** Material to process follows **

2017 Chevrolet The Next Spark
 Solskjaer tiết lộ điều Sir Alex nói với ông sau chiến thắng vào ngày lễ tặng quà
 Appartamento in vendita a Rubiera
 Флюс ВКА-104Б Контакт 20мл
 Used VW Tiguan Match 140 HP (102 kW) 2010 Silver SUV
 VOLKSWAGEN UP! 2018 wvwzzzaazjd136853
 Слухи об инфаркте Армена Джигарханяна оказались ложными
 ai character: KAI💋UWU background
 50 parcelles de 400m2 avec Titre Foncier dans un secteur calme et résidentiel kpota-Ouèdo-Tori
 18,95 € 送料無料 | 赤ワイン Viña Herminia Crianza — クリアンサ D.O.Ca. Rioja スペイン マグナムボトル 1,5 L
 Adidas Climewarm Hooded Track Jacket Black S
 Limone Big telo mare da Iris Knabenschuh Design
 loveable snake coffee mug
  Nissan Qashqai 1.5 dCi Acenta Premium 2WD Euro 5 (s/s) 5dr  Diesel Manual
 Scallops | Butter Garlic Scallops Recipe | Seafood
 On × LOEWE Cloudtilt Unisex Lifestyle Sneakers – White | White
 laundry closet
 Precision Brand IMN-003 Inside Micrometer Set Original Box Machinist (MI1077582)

** End of Material to process **

Nothing outside this range should appear: the lines from the start of the listing through the line with "50 parcelles de", each reproduced exactly, both ends included.

2017 Chevrolet The Next Spark
 Solskjaer tiết lộ điều Sir Alex nói với ông sau chiến thắng vào ngày lễ tặng quà
 Appartamento in vendita a Rubiera
 Флюс ВКА-104Б Контакт 20мл
 Used VW Tiguan Match 140 HP (102 kW) 2010 Silver SUV
 VOLKSWAGEN UP! 2018 wvwzzzaazjd136853
 Слухи об инфаркте Армена Джигарханяна оказались ложными
 ai character: KAI💋UWU background
 50 parcelles de 400m2 avec Titre Foncier dans un secteur calme et résidentiel kpota-Ouèdo-Tori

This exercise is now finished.